Но с каждым приходом Володи, жалобно: «Возьмите меня к Стаховичу!» Для меня достижимость желаемого (вещи ли, души ли) в обратном соотношении с желанностью его: чем желанней – тем недостижимей. Заранее. Заведомо. И не пытаюсь хотеть. Стахович у Страстного, стало быть – и Страстной – не Страстной и… даже Стахович – не Стахович. («Удивится… Рассердится…» Он, Петроний!). Словом, – не пошла.
* * *
Еще одна фраза, на похоронах, М<чеде>лова: «Почему вы его никогда не навестили? Он был бы так рад. Он любил стихи, беседу, сам любил рассказывать, только его никто не хотел слушать… А было – что!
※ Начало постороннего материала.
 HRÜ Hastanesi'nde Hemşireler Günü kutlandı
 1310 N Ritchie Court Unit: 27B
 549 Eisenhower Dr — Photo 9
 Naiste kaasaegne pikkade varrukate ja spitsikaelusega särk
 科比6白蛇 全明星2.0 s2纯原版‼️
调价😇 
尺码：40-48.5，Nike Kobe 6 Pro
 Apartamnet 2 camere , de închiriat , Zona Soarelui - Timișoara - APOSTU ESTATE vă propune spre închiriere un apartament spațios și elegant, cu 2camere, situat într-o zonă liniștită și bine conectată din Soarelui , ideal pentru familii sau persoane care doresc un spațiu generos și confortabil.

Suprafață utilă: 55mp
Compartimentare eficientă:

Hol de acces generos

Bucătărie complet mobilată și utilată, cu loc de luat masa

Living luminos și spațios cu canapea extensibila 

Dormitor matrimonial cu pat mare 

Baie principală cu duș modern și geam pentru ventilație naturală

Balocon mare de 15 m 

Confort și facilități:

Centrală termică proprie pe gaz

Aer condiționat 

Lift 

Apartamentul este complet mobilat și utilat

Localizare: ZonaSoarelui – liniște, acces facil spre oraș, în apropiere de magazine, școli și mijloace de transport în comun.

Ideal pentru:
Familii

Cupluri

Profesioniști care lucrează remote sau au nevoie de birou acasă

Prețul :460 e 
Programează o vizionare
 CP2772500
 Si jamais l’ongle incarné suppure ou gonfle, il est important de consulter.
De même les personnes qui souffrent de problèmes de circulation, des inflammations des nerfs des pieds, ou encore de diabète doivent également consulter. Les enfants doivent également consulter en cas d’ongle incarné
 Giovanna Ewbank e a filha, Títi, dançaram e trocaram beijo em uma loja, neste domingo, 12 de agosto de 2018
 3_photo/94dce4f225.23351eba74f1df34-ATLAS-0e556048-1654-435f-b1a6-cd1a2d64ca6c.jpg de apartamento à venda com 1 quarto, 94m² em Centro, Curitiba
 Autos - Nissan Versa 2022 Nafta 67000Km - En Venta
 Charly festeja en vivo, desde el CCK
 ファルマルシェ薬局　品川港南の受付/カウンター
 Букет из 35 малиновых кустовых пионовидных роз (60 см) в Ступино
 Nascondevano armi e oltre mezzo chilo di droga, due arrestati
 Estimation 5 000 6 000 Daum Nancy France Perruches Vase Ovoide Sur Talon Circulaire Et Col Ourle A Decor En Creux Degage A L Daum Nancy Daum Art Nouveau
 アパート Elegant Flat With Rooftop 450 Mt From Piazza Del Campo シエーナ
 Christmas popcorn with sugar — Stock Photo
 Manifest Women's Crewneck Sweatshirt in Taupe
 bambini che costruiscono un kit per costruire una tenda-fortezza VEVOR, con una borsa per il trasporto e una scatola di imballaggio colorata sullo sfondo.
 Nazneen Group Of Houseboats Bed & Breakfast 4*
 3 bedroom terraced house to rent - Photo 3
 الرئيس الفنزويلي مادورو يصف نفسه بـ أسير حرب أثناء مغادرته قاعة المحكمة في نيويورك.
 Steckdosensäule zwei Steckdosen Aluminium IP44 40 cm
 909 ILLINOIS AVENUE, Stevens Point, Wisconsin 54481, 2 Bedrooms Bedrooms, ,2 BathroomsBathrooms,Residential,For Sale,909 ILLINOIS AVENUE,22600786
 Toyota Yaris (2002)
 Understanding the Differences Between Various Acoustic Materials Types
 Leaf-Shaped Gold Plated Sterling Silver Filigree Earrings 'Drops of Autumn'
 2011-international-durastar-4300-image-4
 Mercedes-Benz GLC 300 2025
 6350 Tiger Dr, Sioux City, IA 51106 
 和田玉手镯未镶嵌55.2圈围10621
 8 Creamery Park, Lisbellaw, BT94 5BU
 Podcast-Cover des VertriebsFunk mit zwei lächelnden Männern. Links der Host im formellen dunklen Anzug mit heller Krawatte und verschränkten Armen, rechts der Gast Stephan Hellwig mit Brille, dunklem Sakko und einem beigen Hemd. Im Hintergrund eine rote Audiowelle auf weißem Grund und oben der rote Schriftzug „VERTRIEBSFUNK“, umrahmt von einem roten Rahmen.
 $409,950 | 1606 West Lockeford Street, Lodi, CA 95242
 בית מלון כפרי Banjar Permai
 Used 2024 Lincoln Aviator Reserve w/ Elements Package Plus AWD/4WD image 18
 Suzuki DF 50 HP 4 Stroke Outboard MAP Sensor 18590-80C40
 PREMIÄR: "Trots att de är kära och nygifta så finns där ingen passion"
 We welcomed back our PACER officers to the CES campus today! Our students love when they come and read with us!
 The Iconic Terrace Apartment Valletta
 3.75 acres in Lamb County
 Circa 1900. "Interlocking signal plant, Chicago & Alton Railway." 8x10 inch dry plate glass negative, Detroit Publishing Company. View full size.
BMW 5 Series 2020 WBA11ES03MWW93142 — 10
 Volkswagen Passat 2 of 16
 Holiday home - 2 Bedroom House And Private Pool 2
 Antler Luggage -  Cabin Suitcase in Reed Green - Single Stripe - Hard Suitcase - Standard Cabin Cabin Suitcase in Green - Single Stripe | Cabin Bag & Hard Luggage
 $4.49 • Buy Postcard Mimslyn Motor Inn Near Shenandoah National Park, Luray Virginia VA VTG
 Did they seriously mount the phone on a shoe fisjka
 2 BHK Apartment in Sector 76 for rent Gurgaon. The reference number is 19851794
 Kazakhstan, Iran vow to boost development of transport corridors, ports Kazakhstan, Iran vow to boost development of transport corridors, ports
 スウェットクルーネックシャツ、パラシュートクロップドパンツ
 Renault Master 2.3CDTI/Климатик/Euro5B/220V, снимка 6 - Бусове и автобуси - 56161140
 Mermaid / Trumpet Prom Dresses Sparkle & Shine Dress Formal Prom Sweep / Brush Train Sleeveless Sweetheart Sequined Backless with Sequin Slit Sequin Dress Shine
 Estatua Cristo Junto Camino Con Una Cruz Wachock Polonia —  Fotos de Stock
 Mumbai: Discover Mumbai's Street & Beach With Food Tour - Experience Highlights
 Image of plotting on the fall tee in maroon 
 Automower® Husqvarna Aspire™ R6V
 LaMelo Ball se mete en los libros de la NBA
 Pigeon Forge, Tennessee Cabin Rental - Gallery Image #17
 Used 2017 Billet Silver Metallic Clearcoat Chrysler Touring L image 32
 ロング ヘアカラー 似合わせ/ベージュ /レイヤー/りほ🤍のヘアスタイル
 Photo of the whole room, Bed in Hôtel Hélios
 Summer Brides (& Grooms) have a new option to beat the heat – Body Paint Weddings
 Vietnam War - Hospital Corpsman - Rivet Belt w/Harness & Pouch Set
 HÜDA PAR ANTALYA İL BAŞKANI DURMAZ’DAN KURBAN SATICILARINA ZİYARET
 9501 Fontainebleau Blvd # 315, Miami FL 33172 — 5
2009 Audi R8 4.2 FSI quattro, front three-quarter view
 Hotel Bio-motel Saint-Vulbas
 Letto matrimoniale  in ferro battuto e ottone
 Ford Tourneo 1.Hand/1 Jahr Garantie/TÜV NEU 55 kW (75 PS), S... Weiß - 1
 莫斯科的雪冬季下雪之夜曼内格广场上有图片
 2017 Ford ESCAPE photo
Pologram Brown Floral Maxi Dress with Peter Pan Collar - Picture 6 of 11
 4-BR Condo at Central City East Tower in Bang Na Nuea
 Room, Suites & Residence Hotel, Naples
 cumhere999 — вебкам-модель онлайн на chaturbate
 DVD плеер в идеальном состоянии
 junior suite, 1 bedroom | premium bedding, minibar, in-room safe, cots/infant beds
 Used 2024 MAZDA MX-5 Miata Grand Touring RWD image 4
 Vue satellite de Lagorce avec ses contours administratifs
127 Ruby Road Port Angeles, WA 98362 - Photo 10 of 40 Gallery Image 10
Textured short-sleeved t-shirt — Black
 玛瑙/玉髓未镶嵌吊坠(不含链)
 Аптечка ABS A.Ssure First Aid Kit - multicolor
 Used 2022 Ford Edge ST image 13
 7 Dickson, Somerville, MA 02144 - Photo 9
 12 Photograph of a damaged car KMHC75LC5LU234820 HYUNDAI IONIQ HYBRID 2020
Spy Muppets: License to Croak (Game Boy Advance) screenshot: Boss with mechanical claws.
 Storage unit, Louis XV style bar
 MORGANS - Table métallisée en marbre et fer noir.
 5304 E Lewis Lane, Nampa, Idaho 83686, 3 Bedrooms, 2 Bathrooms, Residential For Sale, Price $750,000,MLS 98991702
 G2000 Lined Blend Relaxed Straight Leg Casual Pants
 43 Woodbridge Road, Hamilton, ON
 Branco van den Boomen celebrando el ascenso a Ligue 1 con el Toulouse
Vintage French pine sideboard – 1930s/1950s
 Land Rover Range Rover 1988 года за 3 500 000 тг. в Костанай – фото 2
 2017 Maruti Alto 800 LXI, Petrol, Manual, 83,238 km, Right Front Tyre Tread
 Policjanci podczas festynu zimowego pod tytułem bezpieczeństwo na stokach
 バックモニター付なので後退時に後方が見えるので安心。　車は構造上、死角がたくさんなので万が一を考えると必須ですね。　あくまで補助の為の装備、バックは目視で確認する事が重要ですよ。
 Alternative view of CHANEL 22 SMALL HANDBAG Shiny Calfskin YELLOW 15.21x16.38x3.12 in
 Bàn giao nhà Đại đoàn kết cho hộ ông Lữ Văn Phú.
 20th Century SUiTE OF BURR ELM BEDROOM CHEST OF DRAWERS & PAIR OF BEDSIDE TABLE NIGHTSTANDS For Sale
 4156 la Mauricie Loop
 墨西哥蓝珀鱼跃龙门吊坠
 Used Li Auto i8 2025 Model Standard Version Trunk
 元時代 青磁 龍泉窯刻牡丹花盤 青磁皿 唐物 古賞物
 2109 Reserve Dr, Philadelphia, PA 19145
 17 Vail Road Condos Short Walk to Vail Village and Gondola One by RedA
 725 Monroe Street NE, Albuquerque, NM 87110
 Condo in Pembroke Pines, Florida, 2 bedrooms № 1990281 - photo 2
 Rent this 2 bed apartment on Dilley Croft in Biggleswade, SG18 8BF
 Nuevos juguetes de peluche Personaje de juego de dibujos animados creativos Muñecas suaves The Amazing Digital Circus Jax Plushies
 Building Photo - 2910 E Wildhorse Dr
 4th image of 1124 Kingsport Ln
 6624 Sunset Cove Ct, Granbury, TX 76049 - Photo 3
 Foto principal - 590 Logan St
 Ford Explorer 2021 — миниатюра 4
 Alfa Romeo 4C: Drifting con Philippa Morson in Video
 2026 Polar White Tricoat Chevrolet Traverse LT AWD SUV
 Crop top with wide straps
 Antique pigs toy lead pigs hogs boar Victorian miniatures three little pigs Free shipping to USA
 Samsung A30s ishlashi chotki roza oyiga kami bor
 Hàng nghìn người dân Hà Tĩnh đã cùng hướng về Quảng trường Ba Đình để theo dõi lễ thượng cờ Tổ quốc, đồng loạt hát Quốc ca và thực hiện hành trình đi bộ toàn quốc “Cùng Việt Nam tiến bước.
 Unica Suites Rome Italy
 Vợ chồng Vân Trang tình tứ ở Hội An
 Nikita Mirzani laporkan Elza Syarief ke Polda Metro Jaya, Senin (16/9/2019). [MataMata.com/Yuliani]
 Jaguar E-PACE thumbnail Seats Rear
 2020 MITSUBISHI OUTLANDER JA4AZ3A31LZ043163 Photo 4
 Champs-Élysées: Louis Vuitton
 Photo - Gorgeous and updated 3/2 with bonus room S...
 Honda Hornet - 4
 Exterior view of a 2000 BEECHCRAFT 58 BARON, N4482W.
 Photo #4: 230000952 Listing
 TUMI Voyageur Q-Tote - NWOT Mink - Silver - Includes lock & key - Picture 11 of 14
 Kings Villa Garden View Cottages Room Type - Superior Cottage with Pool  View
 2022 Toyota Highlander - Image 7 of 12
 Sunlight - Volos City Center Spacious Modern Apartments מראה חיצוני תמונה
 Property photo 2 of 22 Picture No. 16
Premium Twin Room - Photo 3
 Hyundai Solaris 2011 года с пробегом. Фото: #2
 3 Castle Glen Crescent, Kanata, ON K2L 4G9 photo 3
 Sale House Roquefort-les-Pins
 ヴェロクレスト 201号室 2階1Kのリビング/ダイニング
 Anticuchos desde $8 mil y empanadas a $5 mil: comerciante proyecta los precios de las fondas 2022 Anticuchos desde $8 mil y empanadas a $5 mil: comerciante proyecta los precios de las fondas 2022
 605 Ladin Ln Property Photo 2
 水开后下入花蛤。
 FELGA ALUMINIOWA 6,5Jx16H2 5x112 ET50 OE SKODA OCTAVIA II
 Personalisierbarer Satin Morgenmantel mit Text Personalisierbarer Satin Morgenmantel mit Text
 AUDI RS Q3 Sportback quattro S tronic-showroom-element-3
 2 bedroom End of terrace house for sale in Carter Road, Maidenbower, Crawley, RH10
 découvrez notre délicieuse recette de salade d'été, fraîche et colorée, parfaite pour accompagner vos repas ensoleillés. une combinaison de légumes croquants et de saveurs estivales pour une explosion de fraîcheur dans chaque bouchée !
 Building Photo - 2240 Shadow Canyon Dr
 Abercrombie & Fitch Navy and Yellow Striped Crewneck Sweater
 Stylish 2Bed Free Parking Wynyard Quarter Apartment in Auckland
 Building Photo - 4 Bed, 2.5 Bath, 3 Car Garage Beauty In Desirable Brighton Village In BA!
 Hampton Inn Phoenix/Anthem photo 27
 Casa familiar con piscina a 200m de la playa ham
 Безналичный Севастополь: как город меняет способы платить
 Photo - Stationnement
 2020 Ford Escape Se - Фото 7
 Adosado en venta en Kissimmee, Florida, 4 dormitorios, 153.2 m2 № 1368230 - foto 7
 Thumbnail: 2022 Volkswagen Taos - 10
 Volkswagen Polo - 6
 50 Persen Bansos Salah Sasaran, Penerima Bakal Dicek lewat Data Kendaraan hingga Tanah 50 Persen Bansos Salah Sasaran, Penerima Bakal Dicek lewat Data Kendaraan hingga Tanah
У него ведь была необычайная жизнь. Столько встреч, путешествий… В молодости – война… И такие разные круги: придворные, военные, театр… И Вы ему тогда так понравились…»
* * *
16-го марта 1919 г.
Иду сейчас по улице. Немножко тает. Вдруг мысль: «В первый раз Москва весной без Стаховича…» (Нет: «Стахович весной без Москвы», – мне подумалось именно так).
* * *
19-го марта.
Каждый раз, когда я вижу на улице седой затылок, у меня сжимается сердце.
* * *
Еще я забыла сказать: у Стаховича когда-то был чудесный голос. Он пел с каким-то знаменитым итальянцем. – Голос! – Жесточайшее надо мной обаяние!
* * *
Да, то был вальс прелестный, томный,
Да, то был ди-ивный вальс.
Он это часто пел, чудесно пел. Кончит – и неизменно:
Когда б я молод был,
Как бы я Вас любил!
– Алексей Александрович! Алексей Александрович! Да ведь этого в романсе нет! Это Вы свое поете!
– Есть, есть! А если и нет – se non è vero è ben trovato
[46]!
И никто не понимал!
(Рассказ студийки)
Москва, февраль-март 1919
О благодарности (Из дневника 1919 г.)
Когда пятилетний Моцарт, только что отбежав от клавесина, растянулся на скользком дворцовом паркете, и семилетняя Мария-Антуанэтта, единственная из всех, бросилась к нему и подняла его, – он сказал: «Celle-je l’épouserai»
[47], и, когда Мария-Тереза спросила его, почему, – «Par reconnaissance»
[48].
Скольких она и потом, Королевой Франции, поднимала с паркета – всегда скользкого для игроков – честолюбцев – кутил, – крикнул ли ей кто-нибудь – par reconnaissance – «Vive la Reinel!»
[49], когда она в своей тележке проезжала на эшафот.
* * *
Reconnaissance – узнавание. Узнавать – вопреки всем личинам и морщинам – раз, в какой-то час узренный, настоящий лик. (Благодарность).
* * *
Я никогда не бываю благодарной людям за поступки – только за сущности! Хлеб, данный мне, может оказаться случайностью, сон, виденный обо мне, всегда сущность.